Print each record below exactly as it appears.

> _Data listing_:
▶

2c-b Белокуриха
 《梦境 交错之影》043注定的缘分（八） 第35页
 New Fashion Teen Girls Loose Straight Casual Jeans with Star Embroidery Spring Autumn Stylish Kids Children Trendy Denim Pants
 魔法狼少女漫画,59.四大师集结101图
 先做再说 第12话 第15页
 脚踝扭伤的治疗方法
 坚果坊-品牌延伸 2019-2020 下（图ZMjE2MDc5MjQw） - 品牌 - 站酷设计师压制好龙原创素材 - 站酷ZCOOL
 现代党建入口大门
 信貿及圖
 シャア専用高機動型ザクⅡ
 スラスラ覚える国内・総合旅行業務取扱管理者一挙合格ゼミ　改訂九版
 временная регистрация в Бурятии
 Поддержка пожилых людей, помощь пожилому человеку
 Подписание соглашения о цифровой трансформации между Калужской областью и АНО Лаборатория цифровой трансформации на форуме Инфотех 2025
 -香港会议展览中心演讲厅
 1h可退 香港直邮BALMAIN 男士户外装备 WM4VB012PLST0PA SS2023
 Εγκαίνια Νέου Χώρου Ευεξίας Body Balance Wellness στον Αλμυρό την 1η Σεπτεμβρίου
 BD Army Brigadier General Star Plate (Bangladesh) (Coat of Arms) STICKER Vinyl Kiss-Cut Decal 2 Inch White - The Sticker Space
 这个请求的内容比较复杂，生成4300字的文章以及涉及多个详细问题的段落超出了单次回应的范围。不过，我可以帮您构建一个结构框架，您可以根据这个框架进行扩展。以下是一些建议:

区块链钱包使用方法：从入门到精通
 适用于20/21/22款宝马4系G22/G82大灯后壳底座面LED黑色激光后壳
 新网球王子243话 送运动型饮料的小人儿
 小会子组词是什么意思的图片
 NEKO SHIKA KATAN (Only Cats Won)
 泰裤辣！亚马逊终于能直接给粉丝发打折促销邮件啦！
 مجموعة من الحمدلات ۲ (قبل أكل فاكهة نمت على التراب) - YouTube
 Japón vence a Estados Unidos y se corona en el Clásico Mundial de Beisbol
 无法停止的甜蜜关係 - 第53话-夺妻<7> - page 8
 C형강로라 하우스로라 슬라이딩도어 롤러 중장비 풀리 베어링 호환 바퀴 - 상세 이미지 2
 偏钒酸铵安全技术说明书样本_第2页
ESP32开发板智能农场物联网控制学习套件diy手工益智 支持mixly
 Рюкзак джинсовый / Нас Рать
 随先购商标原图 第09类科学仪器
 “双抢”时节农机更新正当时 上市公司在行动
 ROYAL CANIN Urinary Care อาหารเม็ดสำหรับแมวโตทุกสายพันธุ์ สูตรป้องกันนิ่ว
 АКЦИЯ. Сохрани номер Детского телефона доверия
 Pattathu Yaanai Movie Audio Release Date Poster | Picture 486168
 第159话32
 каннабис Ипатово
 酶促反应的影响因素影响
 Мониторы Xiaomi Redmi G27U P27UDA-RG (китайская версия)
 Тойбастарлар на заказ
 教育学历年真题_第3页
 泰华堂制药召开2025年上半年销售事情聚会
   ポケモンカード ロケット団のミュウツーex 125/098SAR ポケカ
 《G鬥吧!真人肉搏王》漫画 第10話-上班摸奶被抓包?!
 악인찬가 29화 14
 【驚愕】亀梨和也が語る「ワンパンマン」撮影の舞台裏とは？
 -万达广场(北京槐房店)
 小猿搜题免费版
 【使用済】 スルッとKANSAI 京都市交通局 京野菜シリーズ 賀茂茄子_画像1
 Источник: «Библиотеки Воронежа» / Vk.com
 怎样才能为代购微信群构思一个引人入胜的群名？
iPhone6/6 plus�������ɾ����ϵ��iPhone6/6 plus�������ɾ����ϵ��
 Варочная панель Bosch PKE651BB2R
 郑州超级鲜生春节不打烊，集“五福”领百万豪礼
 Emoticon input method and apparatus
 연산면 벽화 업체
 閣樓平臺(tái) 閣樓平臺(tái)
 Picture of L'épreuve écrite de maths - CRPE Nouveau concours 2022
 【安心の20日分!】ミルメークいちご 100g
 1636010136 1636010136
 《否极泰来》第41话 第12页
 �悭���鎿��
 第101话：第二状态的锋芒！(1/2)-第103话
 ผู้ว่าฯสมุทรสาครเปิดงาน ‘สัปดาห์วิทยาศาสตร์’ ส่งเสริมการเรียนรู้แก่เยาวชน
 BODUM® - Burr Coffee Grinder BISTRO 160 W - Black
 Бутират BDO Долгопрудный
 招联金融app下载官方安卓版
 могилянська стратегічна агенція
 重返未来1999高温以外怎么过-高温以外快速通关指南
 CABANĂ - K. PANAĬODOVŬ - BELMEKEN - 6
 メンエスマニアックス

◀

> _Output for this exercise_:
2c-b Белокуриха
 《梦境 交错之影》043注定的缘分（八） 第35页
 New Fashion Teen Girls Loose Straight Casual Jeans with Star Embroidery Spring Autumn Stylish Kids Children Trendy Denim Pants
 魔法狼少女漫画,59.四大师集结101图
 先做再说 第12话 第15页
 脚踝扭伤的治疗方法
 坚果坊-品牌延伸 2019-2020 下（图ZMjE2MDc5MjQw） - 品牌 - 站酷设计师压制好龙原创素材 - 站酷ZCOOL
 现代党建入口大门
 信貿及圖
 シャア専用高機動型ザクⅡ
 スラスラ覚える国内・総合旅行業務取扱管理者一挙合格ゼミ　改訂九版
 временная регистрация в Бурятии
 Поддержка пожилых людей, помощь пожилому человеку
 Подписание соглашения о цифровой трансформации между Калужской областью и АНО Лаборатория цифровой трансформации на форуме Инфотех 2025
 -香港会议展览中心演讲厅
 1h可退 香港直邮BALMAIN 男士户外装备 WM4VB012PLST0PA SS2023
 Εγκαίνια Νέου Χώρου Ευεξίας Body Balance Wellness στον Αλμυρό την 1η Σεπτεμβρίου
 BD Army Brigadier General Star Plate (Bangladesh) (Coat of Arms) STICKER Vinyl Kiss-Cut Decal 2 Inch White - The Sticker Space
 这个请求的内容比较复杂，生成4300字的文章以及涉及多个详细问题的段落超出了单次回应的范围。不过，我可以帮您构建一个结构框架，您可以根据这个框架进行扩展。以下是一些建议:

区块链钱包使用方法：从入门到精通
 适用于20/21/22款宝马4系G22/G82大灯后壳底座面LED黑色激光后壳
 新网球王子243话 送运动型饮料的小人儿
 小会子组词是什么意思的图片
 NEKO SHIKA KATAN (Only Cats Won)
 泰裤辣！亚马逊终于能直接给粉丝发打折促销邮件啦！
 مجموعة من الحمدلات ۲ (قبل أكل فاكهة نمت على التراب) - YouTube
 Japón vence a Estados Unidos y se corona en el Clásico Mundial de Beisbol
 无法停止的甜蜜关係 - 第53话-夺妻<7> - page 8
 C형강로라 하우스로라 슬라이딩도어 롤러 중장비 풀리 베어링 호환 바퀴 - 상세 이미지 2
 偏钒酸铵安全技术说明书样本_第2页
ESP32开发板智能农场物联网控制学习套件diy手工益智 支持mixly
 Рюкзак джинсовый / Нас Рать
 随先购商标原图 第09类科学仪器
 “双抢”时节农机更新正当时 上市公司在行动
 ROYAL CANIN Urinary Care อาหารเม็ดสำหรับแมวโตทุกสายพันธุ์ สูตรป้องกันนิ่ว
 АКЦИЯ. Сохрани номер Детского телефона доверия
 Pattathu Yaanai Movie Audio Release Date Poster | Picture 486168
 第159话32
 каннабис Ипатово
 酶促反应的影响因素影响
 Мониторы Xiaomi Redmi G27U P27UDA-RG (китайская версия)
 Тойбастарлар на заказ
 教育学历年真题_第3页
 泰华堂制药召开2025年上半年销售事情聚会
   ポケモンカード ロケット団のミュウツーex 125/098SAR ポケカ
 《G鬥吧!真人肉搏王》漫画 第10話-上班摸奶被抓包?!
 악인찬가 29화 14
 【驚愕】亀梨和也が語る「ワンパンマン」撮影の舞台裏とは？
 -万达广场(北京槐房店)
 小猿搜题免费版
 【使用済】 スルッとKANSAI 京都市交通局 京野菜シリーズ 賀茂茄子_画像1
 Источник: «Библиотеки Воронежа» / Vk.com
 怎样才能为代购微信群构思一个引人入胜的群名？
iPhone6/6 plus�������ɾ����ϵ��iPhone6/6 plus�������ɾ����ϵ��
 Варочная панель Bosch PKE651BB2R
 郑州超级鲜生春节不打烊，集“五福”领百万豪礼
 Emoticon input method and apparatus
 연산면 벽화 업체
 閣樓平臺(tái) 閣樓平臺(tái)
 Picture of L'épreuve écrite de maths - CRPE Nouveau concours 2022
 【安心の20日分!】ミルメークいちご 100g
 1636010136 1636010136
 《否极泰来》第41话 第12页
 �悭���鎿��
 第101话：第二状态的锋芒！(1/2)-第103话
 ผู้ว่าฯสมุทรสาครเปิดงาน ‘สัปดาห์วิทยาศาสตร์’ ส่งเสริมการเรียนรู้แก่เยาวชน
 BODUM® - Burr Coffee Grinder BISTRO 160 W - Black
 Бутират BDO Долгопрудный
 招联金融app下载官方安卓版
 могилянська стратегічна агенція
 重返未来1999高温以外怎么过-高温以外快速通关指南
 CABANĂ - K. PANAĬODOVŬ - BELMEKEN - 6
 メンエスマニアックス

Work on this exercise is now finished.